Les douaniers rwandais ont fui [inaudible] [gros plan sur le bâtiment de l'"Immigration"]. Seuls les légionnaires français contrôlent comme ils peuvent ce nouvel exode [on voit un soldat français, de dos, en train de vérifier les papiers d'un réfugié]. Traversant à pied, beaucoup fuient le Rwanda [un réfugié montre sa carte d'identité à un soldat français qui le laisse passer] affirmant chercher le calme avant que la paix ne revienne.

[Un réfugié : "Nous, nous ne sommes pas des politiciens. Nous voulons rentrer chez nous… pour travailler, pour cultiver. Nous crevons de faim ici !".]

D'autres, en revanche, n'hésitent pas à transformer leur fuite en pillage organisé ou raid armé [gros plan sur la main d'un soldat français tenant des armes blanches].

["Sergent B. Deprez, 13ème D.B. Légion Étrangère" : "Ils dissimulent l'armement un peu partout. Dans les bananes…, dans les régimes de bananes, euh, dans les pantalons, dans les affaires, euh, dans les bouts de bois".]

Les soldats de l'ancien gouvernement en fuite ne sont pas loin et surveillent bien contents ce va-et-vient [on voit un soldat français en train de discuter avec un soldat des FAR]. Un exode qui se transforme déjà en catastrophe humanitaire. [Inaudible] des tentes, des huttes montées à la hâte s'accrochent un peu partout. Tout emplacement libre est bon à occuper.

Chaque jour la population rwandaise s'échoue un peu partout dans un centre-ville déglingué. Aucune structure d'accueil n'existe réellement et les milliers de réfugiés viendront grossir une population déjà démunie de 300 000 personnes. Une foule qui erre en quête de survie mais qui sait déjà se nourrir des plus folles rumeurs. Les Éthiopiens de la MINUAR II sont déjà désignés comme ennemis irréductibles : ils seraient proches des Tutsi [tout au long du commentaire de la journaliste, on voit des images de réfugiés démunis dans un camp improvisé].
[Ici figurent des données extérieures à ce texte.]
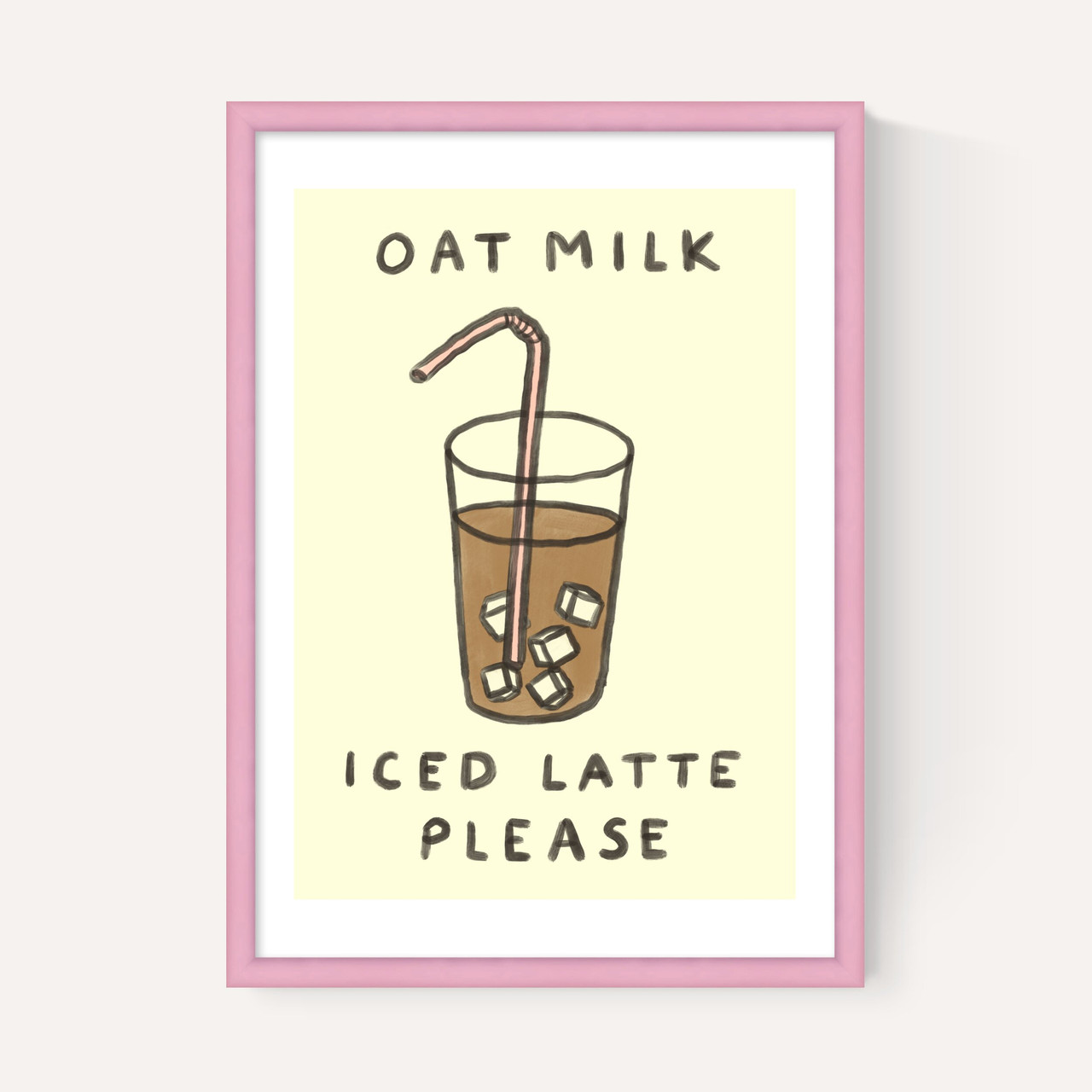 Oat milk iced latte art print by she snacks and paints in pink frame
[Un réfugié : "On a toujours accusé la MINUAR, euh, d'être, euh…, d'être, euh…, complice avec le FPR. Et alors, euh, la MINUAR II qui…, qui s'est installée au Rwanda, euh, on n'a pas confiance. Et c'est pourquoi les gens continuent à…, à…, à fuir le pays".]
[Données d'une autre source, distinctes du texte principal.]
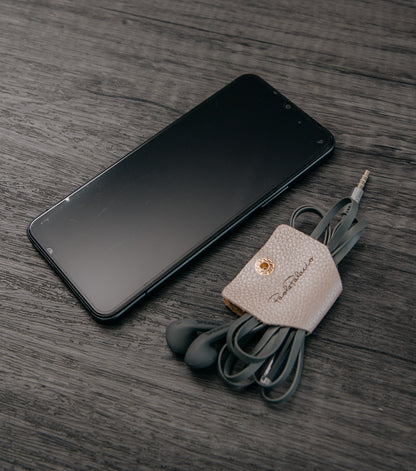 Ata cables maleta cuero beige con nota musical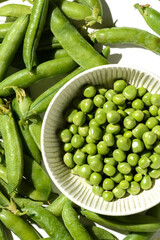 green peas and pods on a white background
Loin de la ville capharnaüm, quelques camps ont heureusement eu le temps de s'organiser [vue aérienne sur un camp avec des tentes de taille identique et bien alignées]. Mais ils sont fermés à toute nouvelle arrivée. Manque de structures, manque de nourriture. Et seuls 25 000 réfugiés ont pu trouver de la place.
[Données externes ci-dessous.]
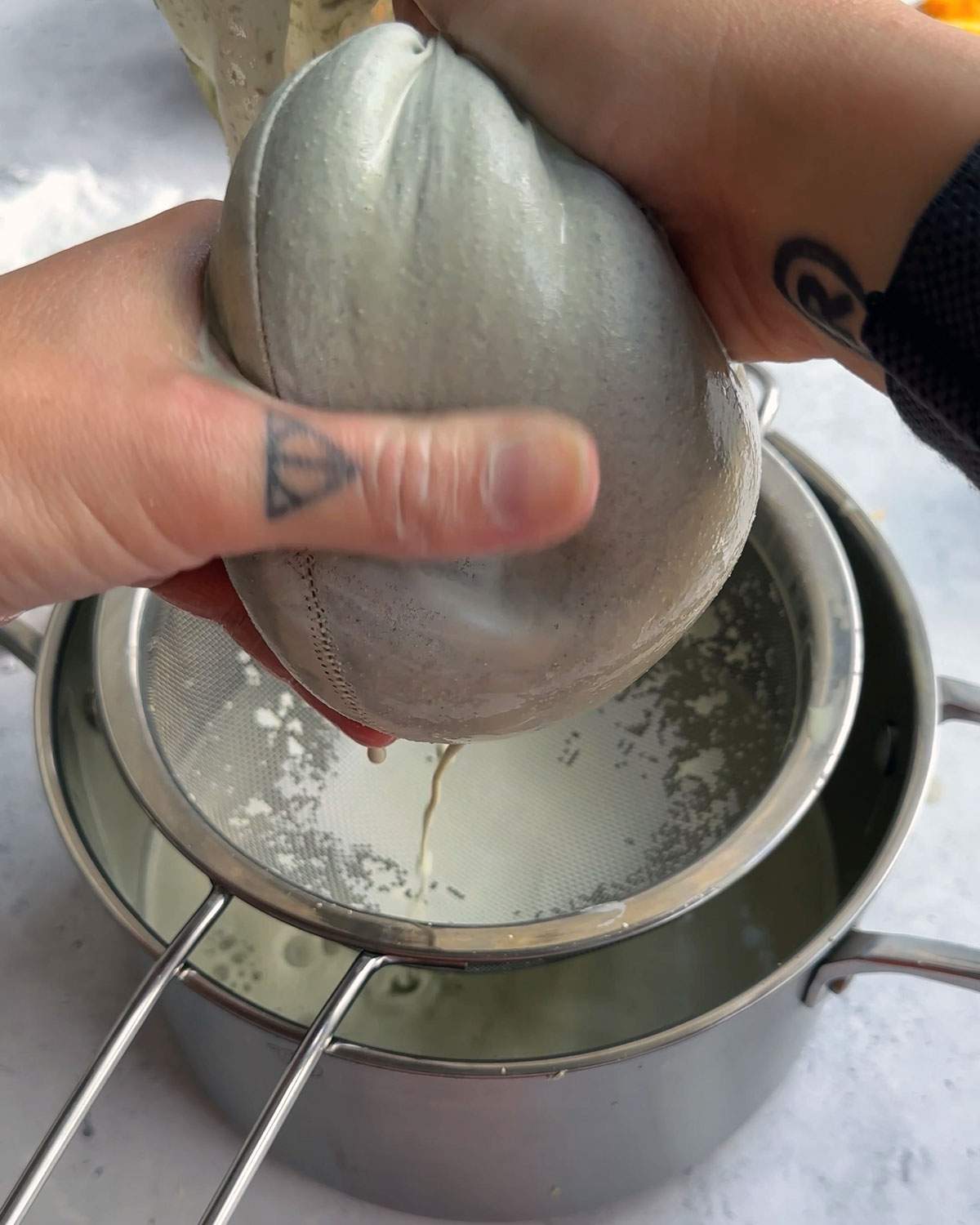 Hands squeezing pumpkin seed milk from a full nut milk bag.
Freiner un nouvel exode est devenu une mission presque impossible pour les Français [on voit des véhicules de l'armée française quitter le pont de la Rusizi]. Sans abris, sans eau, sans nourriture les Rwandais sont déjà en marche vers le nouvel enfer de [inaudible].

[Dominique Bromberger interviewe à présent en plateau Alain Juppé.]

Dominique Bromberger : Alors Alain Juppé, d'ici quelques jours les troupes françaises seront parties, euh…, remplacées par des troupes africaines… Où en seront nos relations avec les nouvelles autorités rwandaises alors que les Américains, eux, s'installent littéralement à Kigali ?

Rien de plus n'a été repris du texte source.